CFDs and other derivatives with precious metals as underlying assets
CFD contracts (Contracts for Difference) are highly speculative instruments that react sensitively to small price changes and are used by trading experts. In addition, there are a number of other derivatives for precious metal speculators, e.g. warrants, leveraged certificates or other speculative structures. However, such instruments are not suitable for long-term investments and are very risky.
Advantages and disadvantages of investing in precious metals
Anyone who wants to invest money in precious metals should research the advantages and disadvantages of a precious metal investment.
- Precious metals are valued by many experts as a crisis-proof investment opportunity.
- In the case of precious metals, retail investors can invest not only in securities but also in physical property.
- Investment experts use investments in precious metals to diversify the portfolio, since the price trends of the various investments usually do not run in parallel.
- No investment is crisis-proof – even precious metals can be subject to strong fluctuations and can in very few cases lead to large losses.
- Physical assets must be stored securely. This usually incurs additional costs.

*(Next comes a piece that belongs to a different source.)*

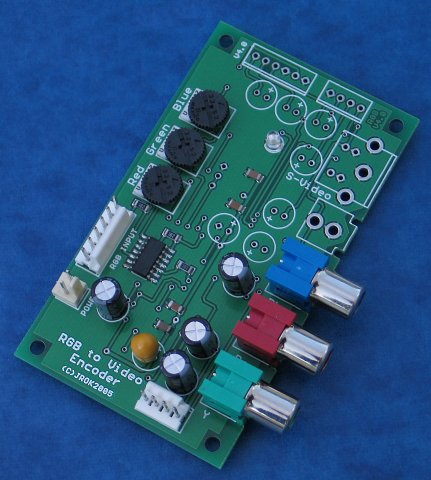 RGB to Component Only Encoder Topside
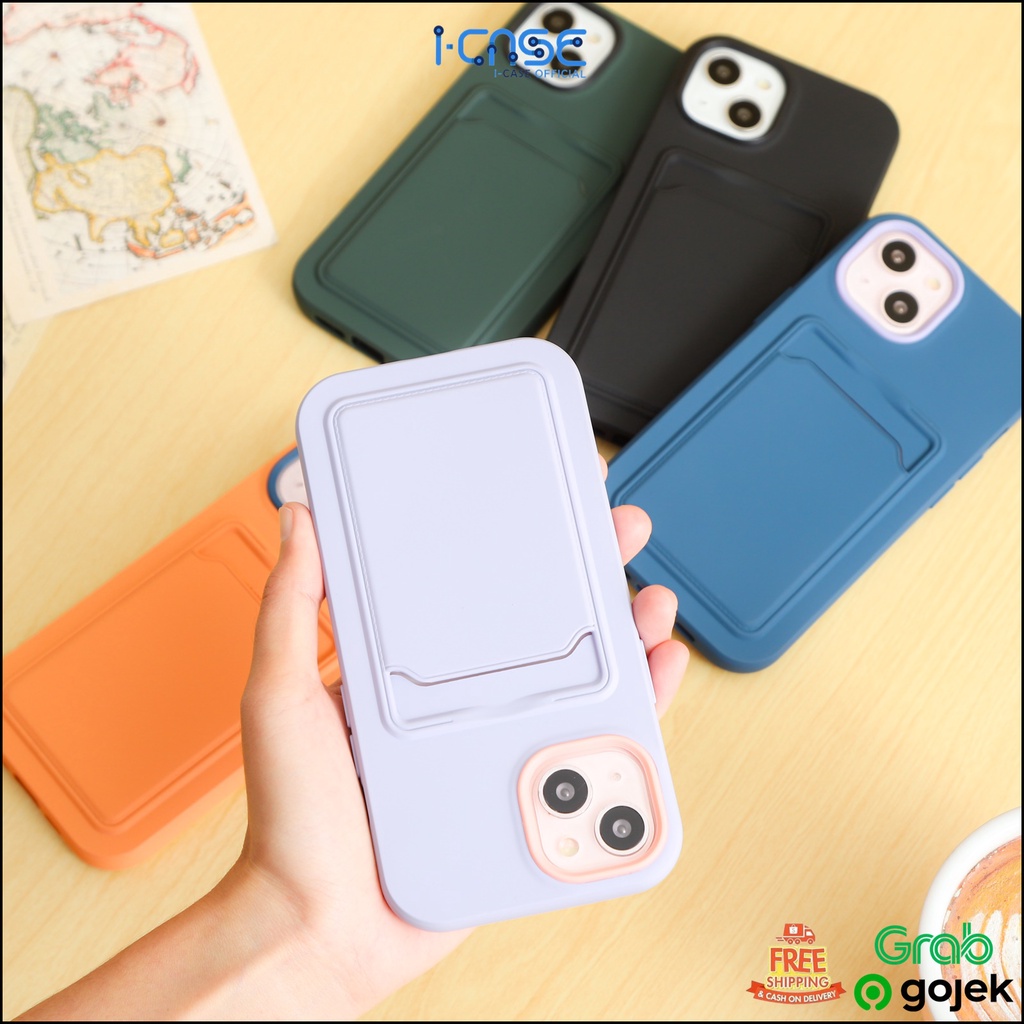 Silicone Pocket With Bumper Full Cover Case for iPhone 13 Pro Max / 14 Pro Max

- Despite their reputation as ‘safe havens’, precious metals are subject to regular and sometimes sharp fluctuations in value. Due to the high volatility, investments in precious metals are can also be considered risky investments.
What should I consider when investing in precious metals?
Unlike interest-bearing investments or shares, pure precious metal investments do not provide an ongoing return . The return is based exclusively on the price trend. In times of low interest rates, this classic disadvantage of investing in precious metals has become relative, but it still remains.
Precious metals may under certain circumstances offer a possible persistence of value and a possible “real” value preservation effect, especially in the long term, but there is no guarantee of this.
Given the illusions of some investors, we caution against fundamentally viewing precious metals as an investment with a high degree of certainty. Precious metal investments are above all a risky and speculative investment. Speculating on a certain price trend is a clear risk – not only because prices fluctuate widely, but also because they are subject to a high degree of forecast uncertainty. Even recognized experts are often wrong in their predictions about the value development of precious metals.